Die Daten Artikelname, Einzelpreis, Stückzahl und Summe sollen dann in einem Textfeld erscheinen. Die einfache Variante (siehe Code)  funktioniert ja. Nur mit dem Array komme ich nicht klar.

LG
Tom


----------



## DrSoong (8. Februar 2007)

Ich stell mit hier die Frage, wo du da ein Array hast, ich find nämlich keines.

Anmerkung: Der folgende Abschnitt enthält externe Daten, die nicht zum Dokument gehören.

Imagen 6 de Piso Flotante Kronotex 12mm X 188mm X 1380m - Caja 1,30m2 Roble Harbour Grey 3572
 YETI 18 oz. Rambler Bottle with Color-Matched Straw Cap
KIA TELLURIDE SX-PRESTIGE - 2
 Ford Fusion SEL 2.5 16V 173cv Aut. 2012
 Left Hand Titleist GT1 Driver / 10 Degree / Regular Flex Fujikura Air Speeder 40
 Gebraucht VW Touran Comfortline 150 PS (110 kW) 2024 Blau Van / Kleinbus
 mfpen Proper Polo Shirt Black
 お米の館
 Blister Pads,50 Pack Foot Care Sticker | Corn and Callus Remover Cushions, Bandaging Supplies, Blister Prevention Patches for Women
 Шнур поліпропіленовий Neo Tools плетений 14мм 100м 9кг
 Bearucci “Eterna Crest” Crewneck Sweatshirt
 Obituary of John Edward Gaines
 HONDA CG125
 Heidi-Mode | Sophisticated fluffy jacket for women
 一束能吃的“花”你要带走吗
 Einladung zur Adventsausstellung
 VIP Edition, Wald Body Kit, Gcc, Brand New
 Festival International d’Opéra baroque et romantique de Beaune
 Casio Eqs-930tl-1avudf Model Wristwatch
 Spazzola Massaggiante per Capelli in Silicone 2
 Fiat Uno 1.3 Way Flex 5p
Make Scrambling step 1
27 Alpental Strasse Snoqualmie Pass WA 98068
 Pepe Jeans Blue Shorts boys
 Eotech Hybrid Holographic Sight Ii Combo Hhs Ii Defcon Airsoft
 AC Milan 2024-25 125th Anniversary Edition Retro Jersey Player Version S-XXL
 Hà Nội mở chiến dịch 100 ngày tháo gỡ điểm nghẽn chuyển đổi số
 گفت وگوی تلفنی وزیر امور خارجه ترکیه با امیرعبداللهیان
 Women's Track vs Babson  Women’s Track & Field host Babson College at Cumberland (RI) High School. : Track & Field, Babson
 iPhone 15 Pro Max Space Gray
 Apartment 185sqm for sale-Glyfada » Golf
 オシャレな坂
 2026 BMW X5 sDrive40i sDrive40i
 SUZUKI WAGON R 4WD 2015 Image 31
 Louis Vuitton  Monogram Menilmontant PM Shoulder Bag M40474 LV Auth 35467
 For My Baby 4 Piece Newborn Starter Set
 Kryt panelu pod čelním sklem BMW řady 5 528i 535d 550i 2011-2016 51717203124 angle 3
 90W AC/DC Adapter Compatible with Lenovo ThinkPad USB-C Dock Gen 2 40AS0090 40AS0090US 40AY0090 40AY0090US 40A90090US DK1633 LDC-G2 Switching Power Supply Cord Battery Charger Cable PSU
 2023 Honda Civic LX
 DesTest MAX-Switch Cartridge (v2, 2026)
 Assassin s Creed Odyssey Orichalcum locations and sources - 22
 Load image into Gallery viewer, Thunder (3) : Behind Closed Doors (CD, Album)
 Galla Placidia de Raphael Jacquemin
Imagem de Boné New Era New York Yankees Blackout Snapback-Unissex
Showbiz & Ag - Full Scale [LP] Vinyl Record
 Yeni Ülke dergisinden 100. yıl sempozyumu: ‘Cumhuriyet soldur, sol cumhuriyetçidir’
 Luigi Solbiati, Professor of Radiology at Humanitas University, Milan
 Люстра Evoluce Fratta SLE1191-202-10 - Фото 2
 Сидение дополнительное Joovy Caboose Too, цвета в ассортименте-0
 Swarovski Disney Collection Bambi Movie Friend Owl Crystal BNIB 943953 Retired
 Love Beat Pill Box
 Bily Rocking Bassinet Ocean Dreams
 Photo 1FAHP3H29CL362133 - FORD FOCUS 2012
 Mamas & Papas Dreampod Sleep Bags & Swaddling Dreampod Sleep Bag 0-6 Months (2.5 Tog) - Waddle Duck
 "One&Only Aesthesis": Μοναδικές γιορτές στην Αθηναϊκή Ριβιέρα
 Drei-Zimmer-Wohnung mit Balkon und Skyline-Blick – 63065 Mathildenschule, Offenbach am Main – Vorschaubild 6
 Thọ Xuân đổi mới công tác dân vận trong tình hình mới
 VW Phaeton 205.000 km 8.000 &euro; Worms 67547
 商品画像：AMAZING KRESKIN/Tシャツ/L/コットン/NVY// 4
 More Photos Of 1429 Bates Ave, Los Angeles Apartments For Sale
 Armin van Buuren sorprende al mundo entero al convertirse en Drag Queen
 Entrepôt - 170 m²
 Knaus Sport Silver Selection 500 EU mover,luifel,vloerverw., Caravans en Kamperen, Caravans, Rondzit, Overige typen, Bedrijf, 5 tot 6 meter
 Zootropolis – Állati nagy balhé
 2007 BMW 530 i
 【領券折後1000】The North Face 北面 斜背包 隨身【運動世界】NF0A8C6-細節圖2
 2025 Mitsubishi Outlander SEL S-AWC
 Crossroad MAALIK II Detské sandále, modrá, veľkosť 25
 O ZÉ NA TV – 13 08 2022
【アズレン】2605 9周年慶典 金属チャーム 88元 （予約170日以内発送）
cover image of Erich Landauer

Was ich sehe ist, dass du 4 Variablen hast, denen du Werte zuweist, einmal damit rechest und das ganze dann in eine Textbox ausgibst. Welchen Fehler kriegst du denn ausgegeben?


Der Doc!

PS: Verwende für Codeteile die eigenen BBCodes, in deinem Fall für VB.NET *[.vbnet]* und *[./vbnet]* (ohne den Punkt).


----------



## tomMeier (8. Februar 2007)

Hallo Doc,

ich suche nach einer Lösung, wo ich diese Werte jeweils im Array + Schleife in der Auflistungstextbox darstellen kann. Wenn ich Arrays verwende bekomme ich diverse Fehlermeldungen, weil ich einfach nicht weis, wie ich sie hier einsetzen soll.

In der Auflistungstextbox soll folgendes erscheinen:

Artikelname, Einzelpreis, Stueckzahl, Summe
Artikelname, Einzelpreis, Stueckzahl, Summe
Artikelname, Einzelpreis, Stueckzahl, Summe
Artikelname, Einzelpreis, Stueckzahl, Summe

x mal

LG
Tom


----------